→ Source data:
════════
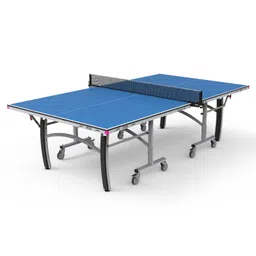 Stag iconic ACTIVE 16 Rollaway Indoor Table Tennis Table (Blue)-picture-25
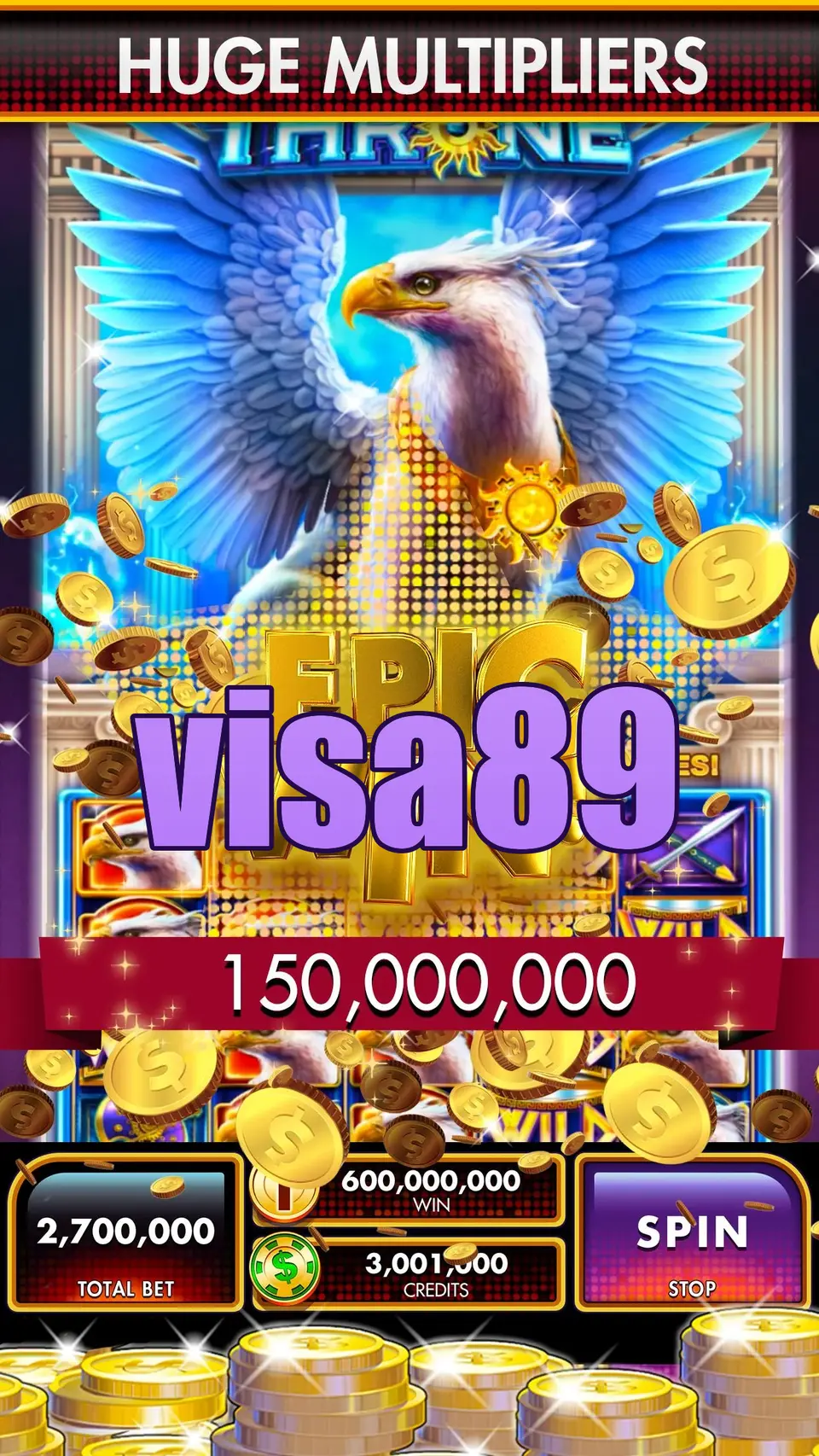 visa89 Masuk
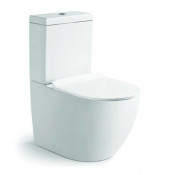 Унитаз-компакт Vincea Evo VT2B-34 белый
════════
Word for word, restate each line above, minus its pictures.

→ Solution to this task:
 Stag iconic ACTIVE 16 Rollaway Indoor Table Tennis Table (Blue)-picture-25
 visa89 Masuk
 Унитаз-компакт Vincea Evo VT2B-34 белый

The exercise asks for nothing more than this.